Steps for creating a module

Implement the logic of the module you are contributing. The implementation can either be directly in the Module Workload or in an external component. If the logic is in an external component, then the module workload should act as a client - i.e. receiving paramaters from the control plane and passing them to the external component.
Create and publish the Module Helm Chart that will be used by the control plane to deploy the module workload, update it, and delete it as necessary.
Create the FybrikModule YAML which describes the capabilities of the module workload, in which flows it should be considered for inclusion, its supported interfaces, and the link to the module helm chart.
Test the new module

These steps are described in the following sections in more detail, so that you can create your own modules for use by Fybrik. Note that a new module is maintained in its own git repository, separate from the fybrik repository.

Module Workload

The module workload is associated with a specific user workload and is deployed by the control plane. It may implement the logic required itself, or it may be a client interface to an external component. The former will have module type "server" and the latter "config".
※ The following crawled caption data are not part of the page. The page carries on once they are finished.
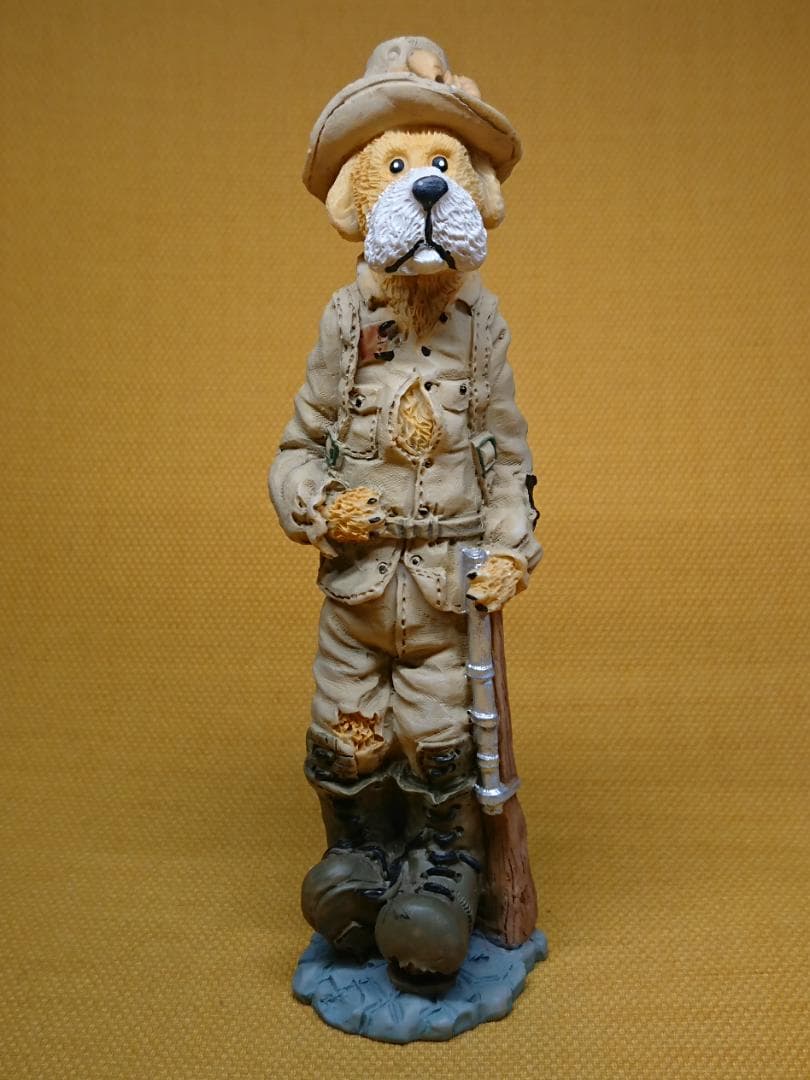 人形　犬　彫像　オブジェ　置物　インテリア　工芸品　美術品　A1306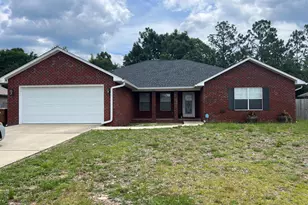 155 Conquest Ave, Crestview, FL 32536 - Photo 1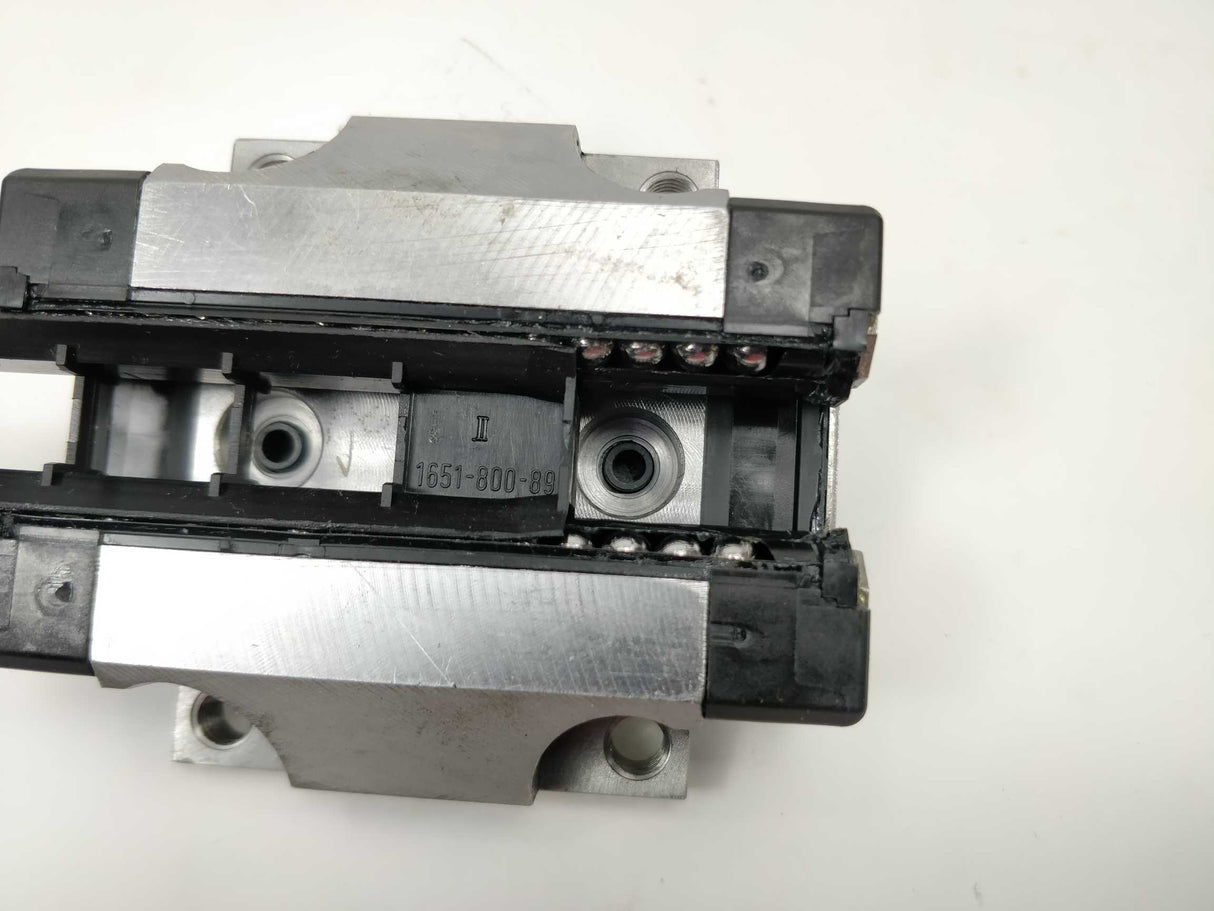 Bosch Rexroth R165189320 B.Runner Block CS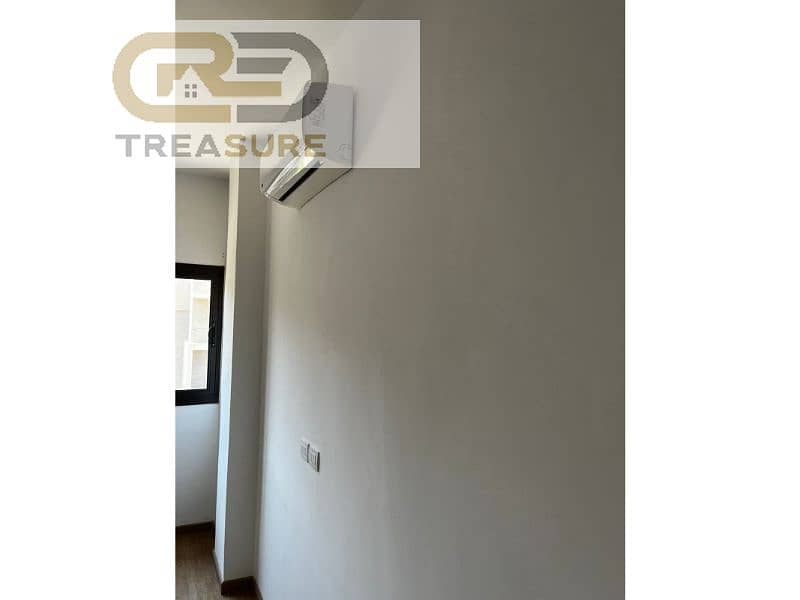 12 WhatsApp Image 2026-01-12 at 10.49. 45 PM. jpg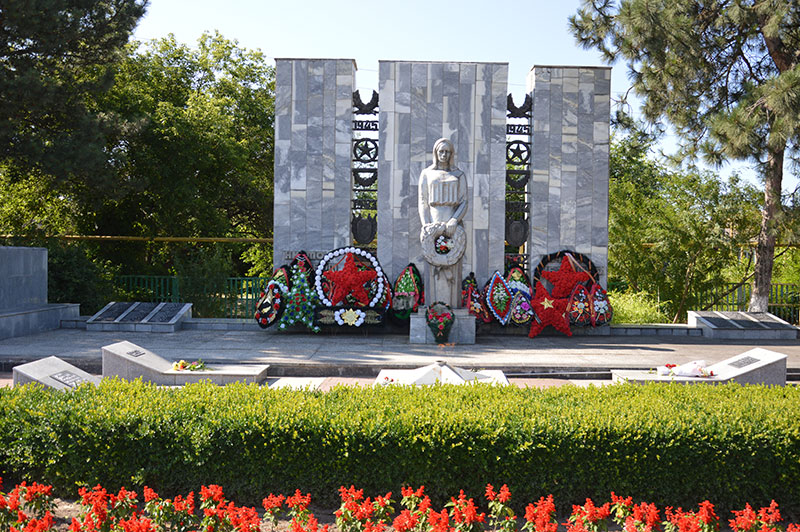 Семикаракорцы почтили память павших в Великой Отечественной войне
There is also a third type of module workload known as a plugin. It provides a standard interface by which another module may invoke its capabilities. For example, you may have a module that reads data but doesn't know how to do data transforms. Rather than implementing transforms in the module workload code, it can call the plugin to do the transforms. The control plane deploys the relevant transform plugin as well as the read module.

Credential management

Modules that access or write data need credentials in order to access the data store. The credentials are retrieved from HashiCorp Vault. The parameters to login to vault and to read secret are passed as part of the arguments to the module Helm chart.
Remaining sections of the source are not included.